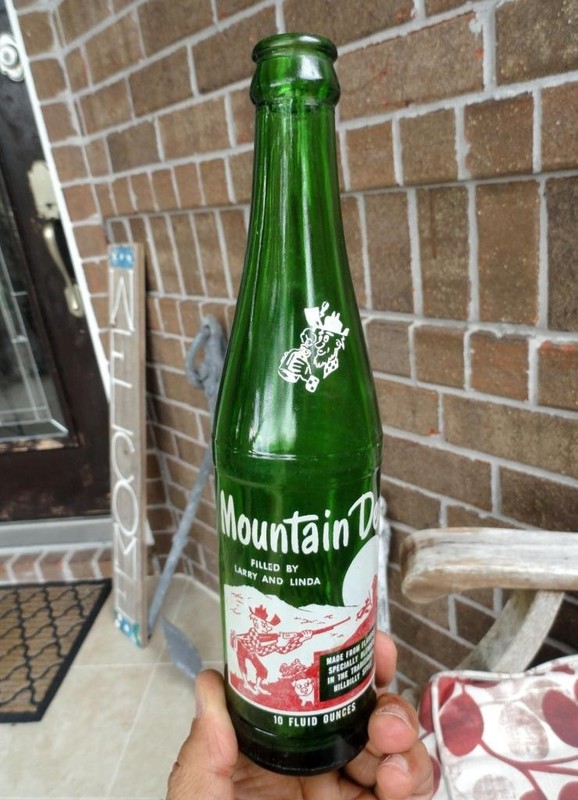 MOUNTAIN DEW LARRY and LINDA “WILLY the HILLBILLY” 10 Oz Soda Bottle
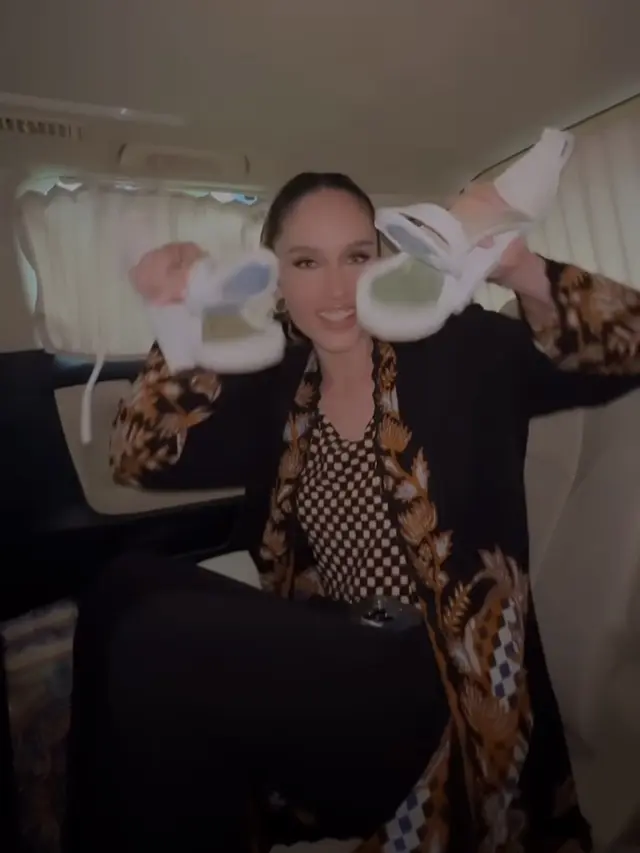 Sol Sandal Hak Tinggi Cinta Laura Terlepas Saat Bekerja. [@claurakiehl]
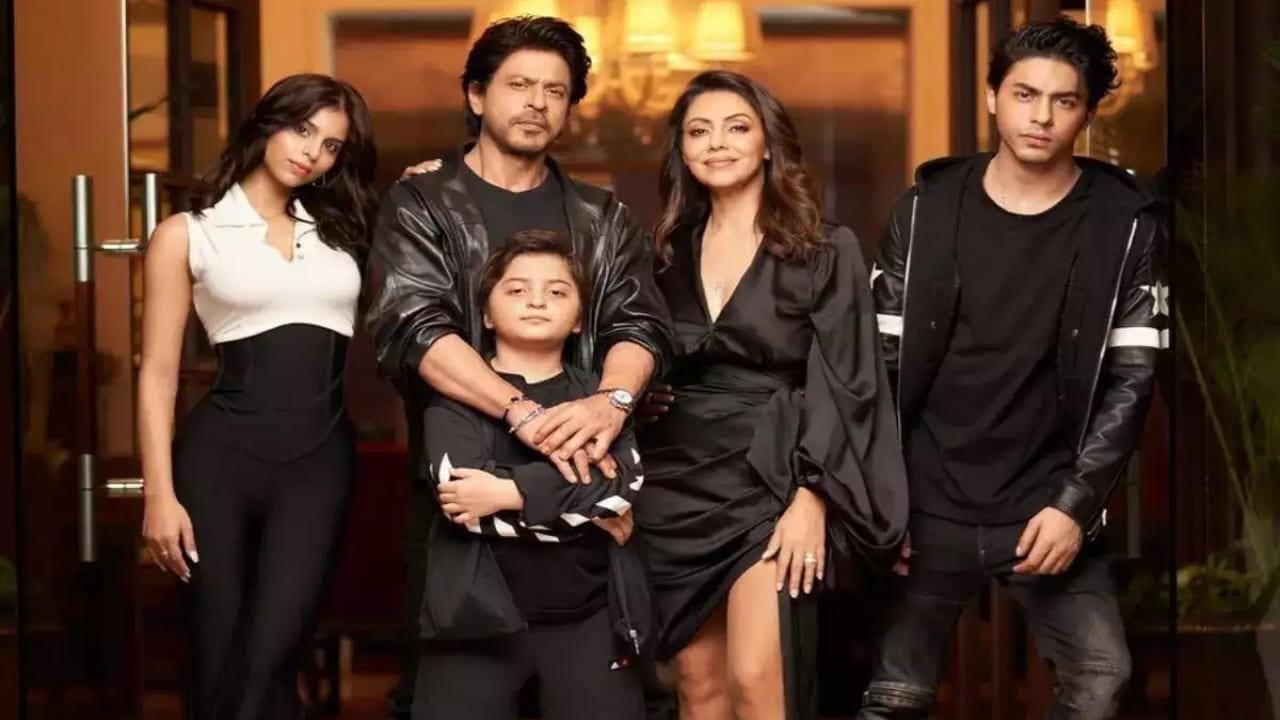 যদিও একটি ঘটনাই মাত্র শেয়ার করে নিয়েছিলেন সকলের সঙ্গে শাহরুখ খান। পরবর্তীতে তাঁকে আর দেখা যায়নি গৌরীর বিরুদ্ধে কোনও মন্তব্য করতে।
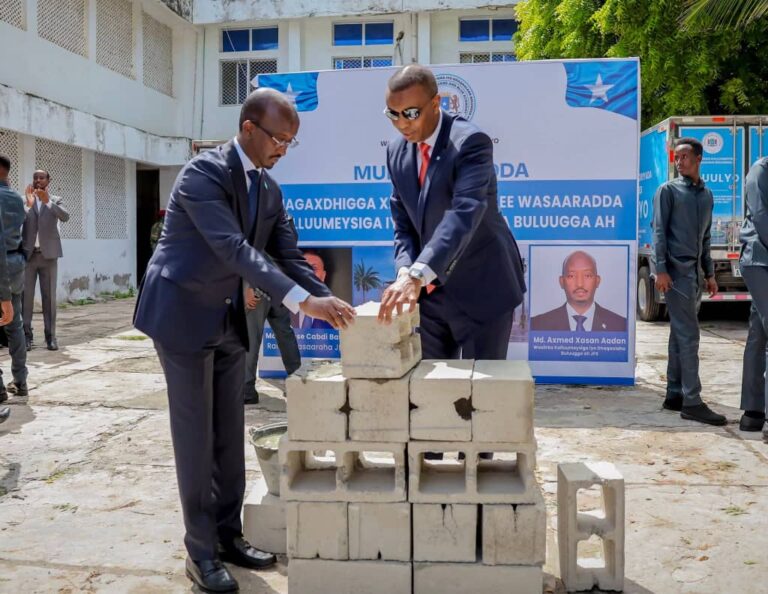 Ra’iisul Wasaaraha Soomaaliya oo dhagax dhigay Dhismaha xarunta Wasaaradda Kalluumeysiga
+---+
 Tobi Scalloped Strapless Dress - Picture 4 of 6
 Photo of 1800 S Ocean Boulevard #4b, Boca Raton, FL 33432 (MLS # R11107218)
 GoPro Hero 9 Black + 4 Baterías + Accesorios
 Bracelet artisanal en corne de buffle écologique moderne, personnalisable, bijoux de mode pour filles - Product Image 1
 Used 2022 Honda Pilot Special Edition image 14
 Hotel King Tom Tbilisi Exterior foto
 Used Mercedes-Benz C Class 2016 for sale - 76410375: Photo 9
+---+
_ASSIGNED TASK_
Set down, exactly as they stand above, the lines starting with the line with "Hotel King Tom Tbilisi Exterior foto" and going on through the line with "Used Mercedes-Benz C", and no others.

_WRITTEN RESPONSE_
 Hotel King Tom Tbilisi Exterior foto
 Used Mercedes-Benz C Class 2016 for sale - 76410375: Photo 9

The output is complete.